To do: In the entries below, the word "with" appears on some lines. Copy each of those lines.

Supplied records:
------------------------------------------------------------------------

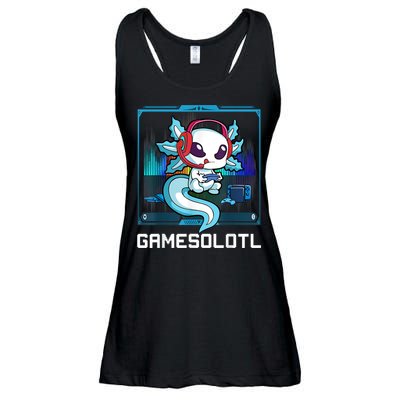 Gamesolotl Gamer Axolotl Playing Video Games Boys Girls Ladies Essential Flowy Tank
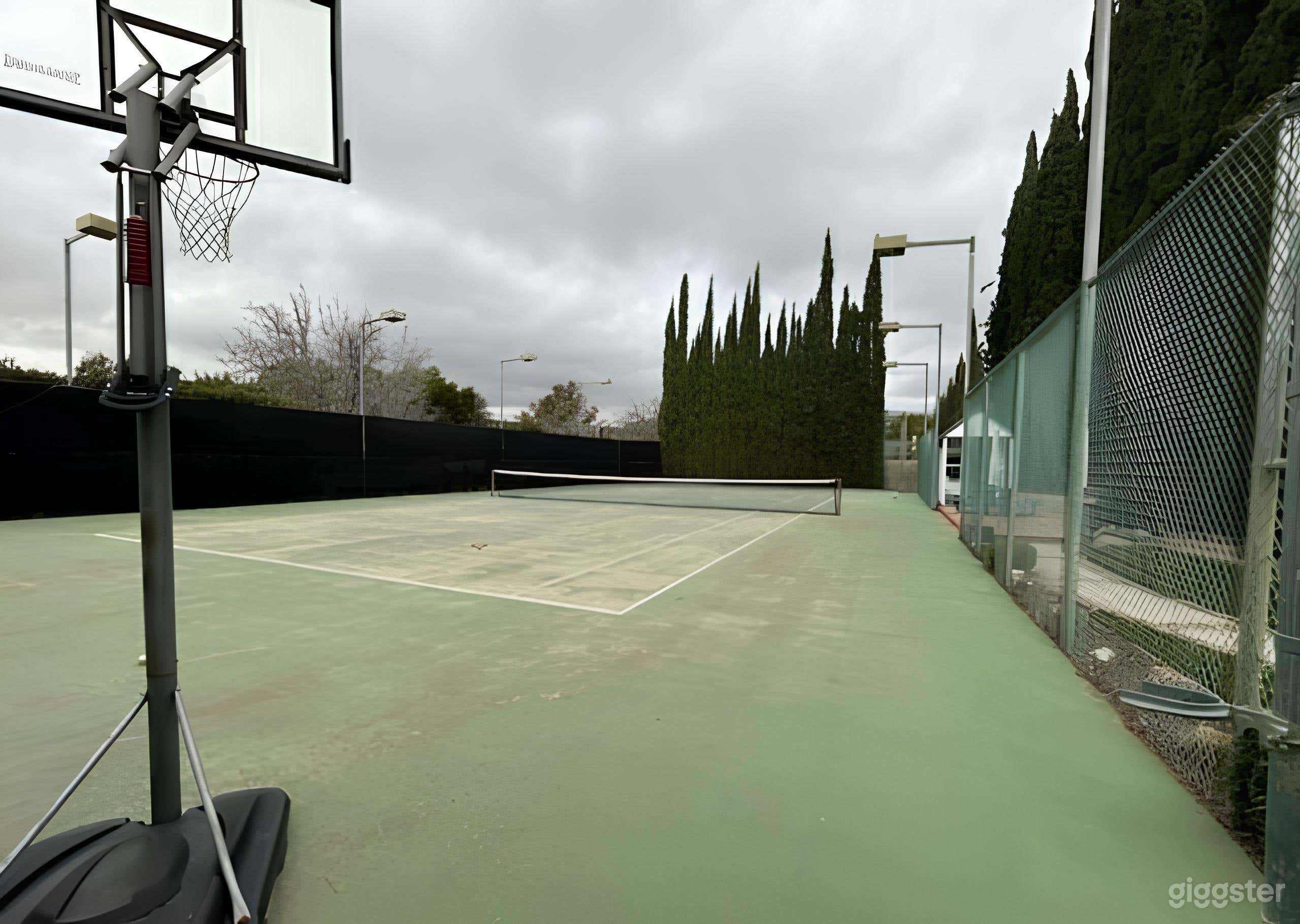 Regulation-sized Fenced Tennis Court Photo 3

------------------------------------------------------------------------

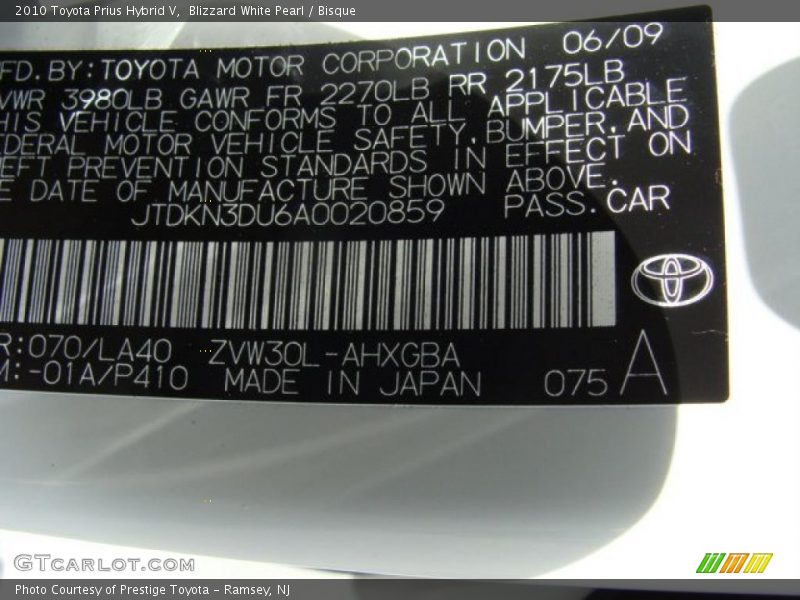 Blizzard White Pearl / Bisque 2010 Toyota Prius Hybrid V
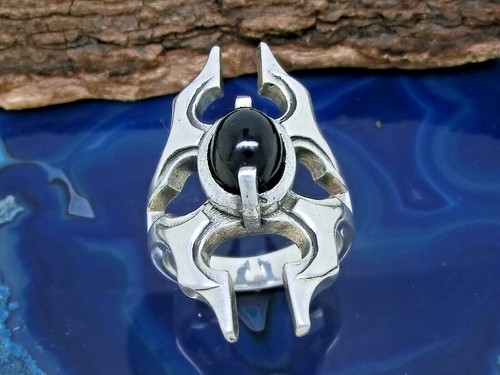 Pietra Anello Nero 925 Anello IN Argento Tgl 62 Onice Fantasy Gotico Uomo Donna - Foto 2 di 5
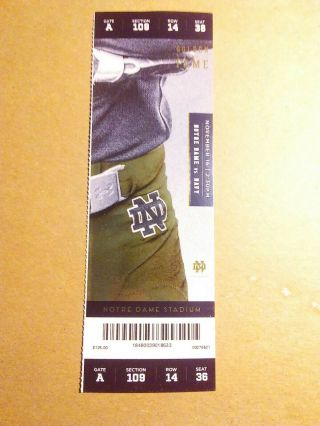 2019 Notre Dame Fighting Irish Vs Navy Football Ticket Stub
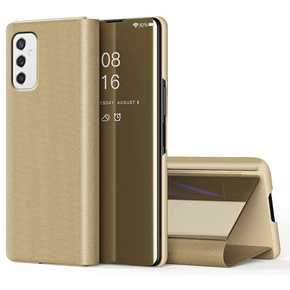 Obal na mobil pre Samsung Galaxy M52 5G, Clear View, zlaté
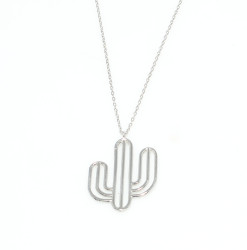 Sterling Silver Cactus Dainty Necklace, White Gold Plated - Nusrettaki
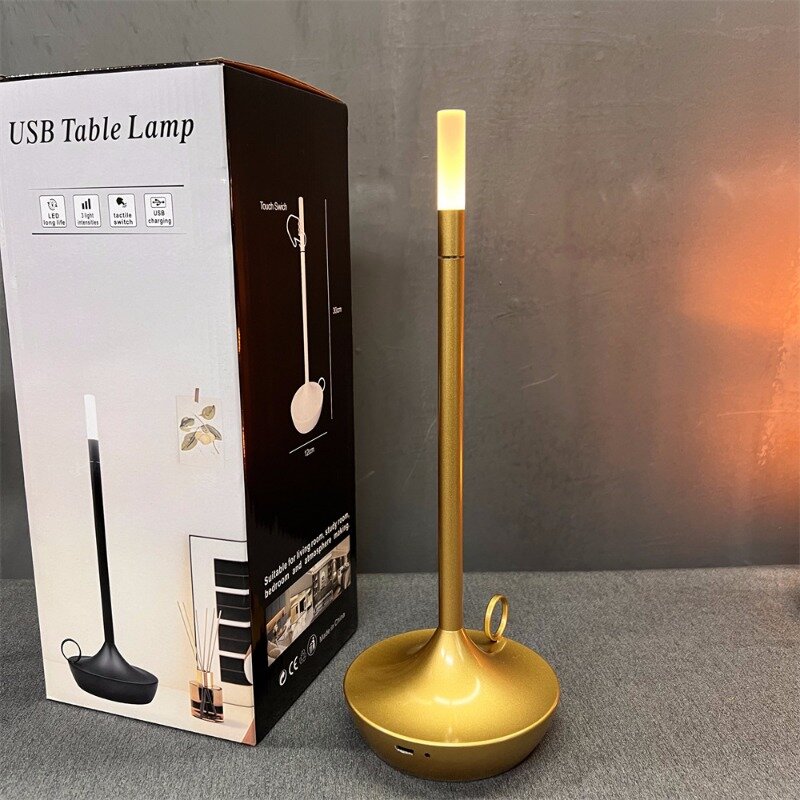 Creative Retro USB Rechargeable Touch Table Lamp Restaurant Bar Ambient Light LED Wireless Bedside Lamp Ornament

------------------------------------------------------------------------

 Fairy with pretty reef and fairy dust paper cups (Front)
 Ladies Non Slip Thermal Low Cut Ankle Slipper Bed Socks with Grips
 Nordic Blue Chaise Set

------------------------------------------------------------------------

Solution for this problem:
 Fairy with pretty reef and fairy dust paper cups (Front)
 Ladies Non Slip Thermal Low Cut Ankle Slipper Bed Socks with Grips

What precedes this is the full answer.